Depuis plus de 3000 ans, les mots-âmes ont été ainsi transmis, dans une chaîne sonore ininterrompue, reliant chaque nouveau pratiquant à la source originelle du Son Source.
Il m’a souvent été demandé, par des personnes intéressées par Kototama, si elles pouvaient apprendre sa pratique dans des livres, ou à travers des cours écrits que je leur adresserai : ma réponse a été « non » aux deux questions, pour les raisons évoquées ci-dessus.
Kototama est le Principe de Vie manifesté par le Son dans les mots-âmes : à ce titre, il est aisé de comprendre que sa transmission ne puisse se faire qu’en présence des « Vivants » de l’enseignant et de l’élève.
A l’instar de la tradition Celte (gardienne d’une partie du Principe de Kototama) dans laquelle l’enseignement des aspirants Bardes, Vates et Druides était uniquement oral, la transmission du Kototama l’est également, afin de préserver le Vivant auquel elle relie…
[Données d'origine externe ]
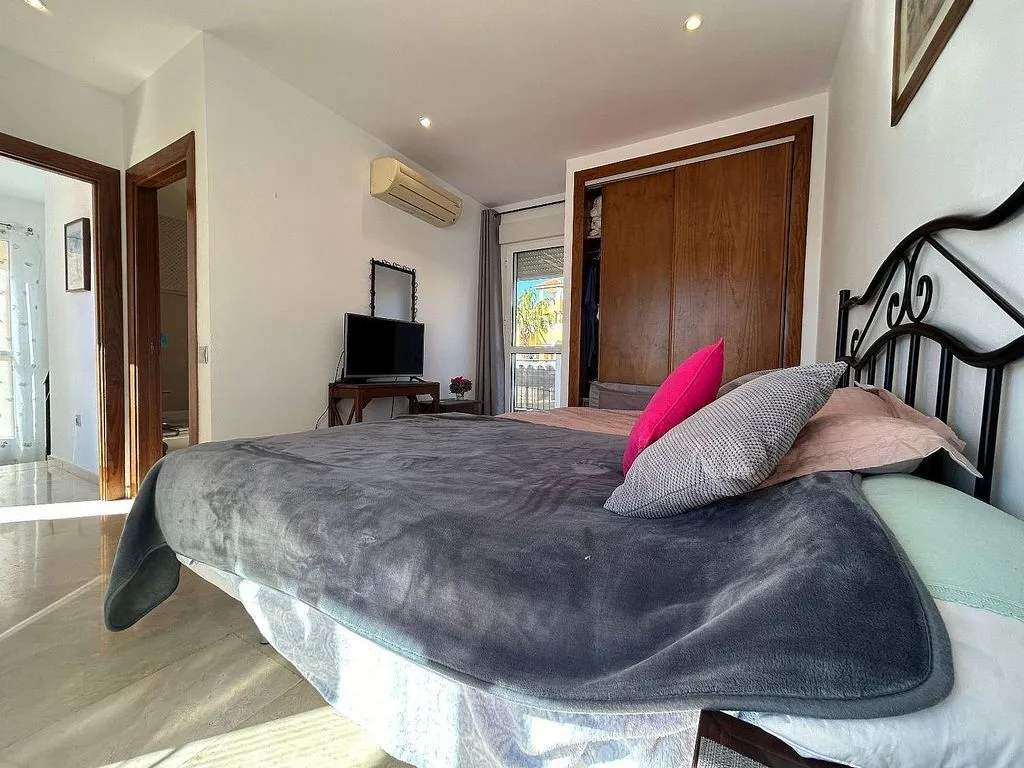 Bedrooms - Semi-detached House with Pool in Las Salinas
Okugi no Tamaori, le rituel de transmission des mots-âmes est réalisée par l’enseignant lors de chaque pratique du son au cours de laquelle il enseigne de nouveaux mots-âmes aux élèves : temps privilégié offrant aux participants la possibilité de se relier davantage au principe de Kototama, véritable initiation individuelle au cours de laquelle chaque élève a la possibilité de ressentir davantage l’âme du son résonnant en lui…
Kototama, résonance précédant toute chose
Extrait d’un article écrit par Bruno Traversi en 2008
« L’idée et l’expérience d’un verbe que l’humain porte, dont il est le vecteur, mais qui le dépasse est ce qui unit toutes ces disciplines spirituelles. Il y a en fait deux façons fondamentales de considérer la parole humaine. Soit nous la considérons comme formée par l’individu, produit de l’individu dans son rapport à autrui, autrement dit telle une parole dont la genèse s’explique par des facteurs psychologiques et culturels. Chaque parole prononcée peut alors être considérée comme le fait de telle ou telle personne. Soit elle peut être regardée, au contraire, comme quelque chose de sacré qui traverse l’individu, dont la nature caractérise et transcende l’humanité.
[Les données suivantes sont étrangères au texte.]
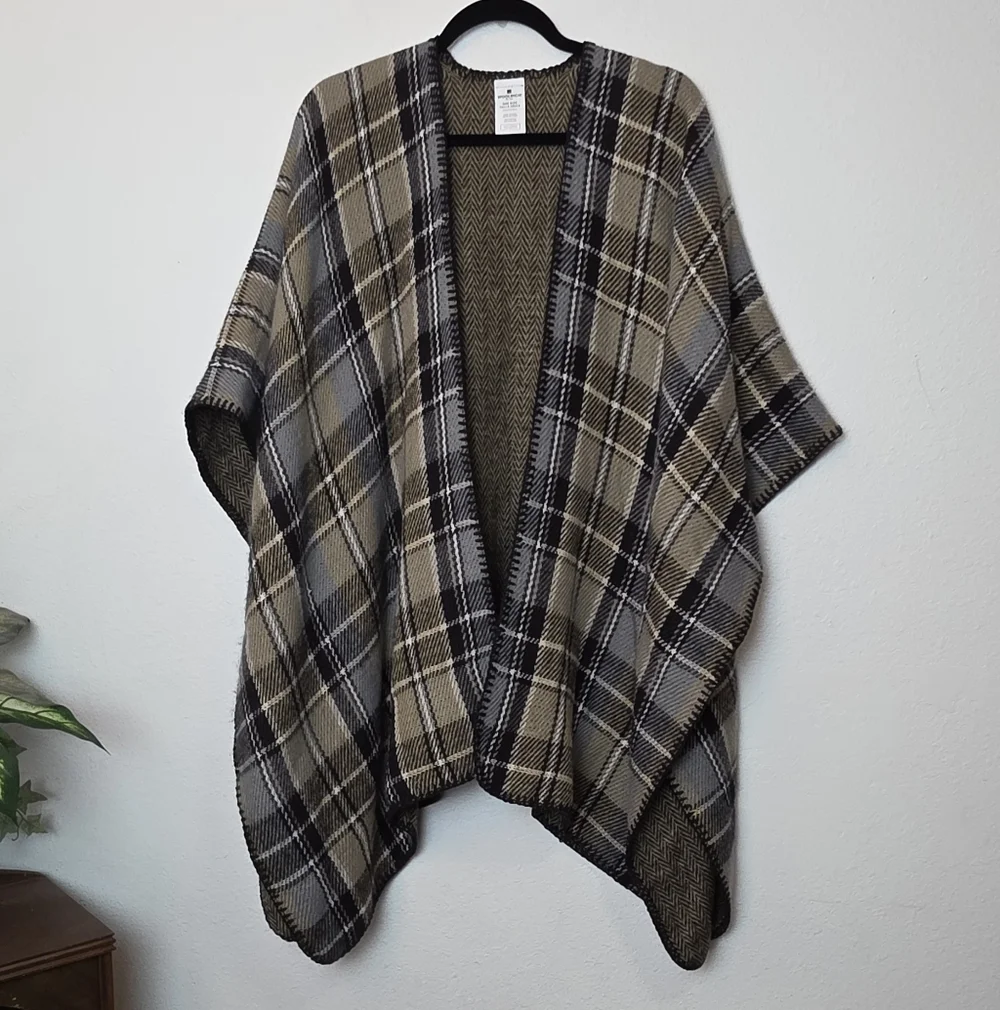 WOOLRICH Reversible Black Tan Plaid & Herringbone Blanket Wrap Shawl Cape Sz OS - Picture 1 of 10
C’est ce qui fait dire à Morihei Ueshiba et à Goi Masahisa, son ami spirituel, que chaque parole dite, aussi ordinaire soit-elle, alors même que nous croyons la créer au moment où nous la prononçons, n’est en fait qu’une image d’une autre parole, plus haute et créatrice, divine :
Le kototama, c’est la résonance qui précède la pensée et qui amène le caractère et le son.[…] Lorsque sons et caractères sont manifestés, c’est que la fonction du kototama, son action s’est déjà réalisée.
Takemusu Aiki, volume 2, p.119
Alors, ce n’est plus l’individu qui forme la parole, mais tout au contraire, c’est la parole qui forme l’individu, en le faisant parler, en le faisant écrire, en le faisant agir.
Dans une telle expérience, la parole révèle en quelque sorte son autonomie, et c’est, paradoxalement, en comprenant que la parole qu’il porte n’est pas son produit, mais la manifestation d’une réalité plus universelle que l’individu peut s’élever, progresser et dépasser son point de vue particulier.
Ainsi pour Ueshiba Sensei, il faut, pour s’approprier la parole divine, accepter de se laisser agir par elle. Le kototama ne consiste donc pas seulement dans la prononciation des sons et des mots mais plus essentiellement dans le fait de recevoir une parole pour en devenir le vecteur. »
Plotin, philosophe néoplatonicien du IIIème siècle, dont l’ascèse consistait à atteindre l’Un par un retour sur soi, disait de la parole, à comparer avec l’extrait de Takemusu Aïki donné ci-avant :
La pensée de Dieu est un Premier Principe dont la nôtre dérive et diffère. Comme la parole extérieure n’est que l’image de la parole intérieure de l’âme, la parole de l’âme n’est elle-même que l’image de la parole d’un principe supérieur.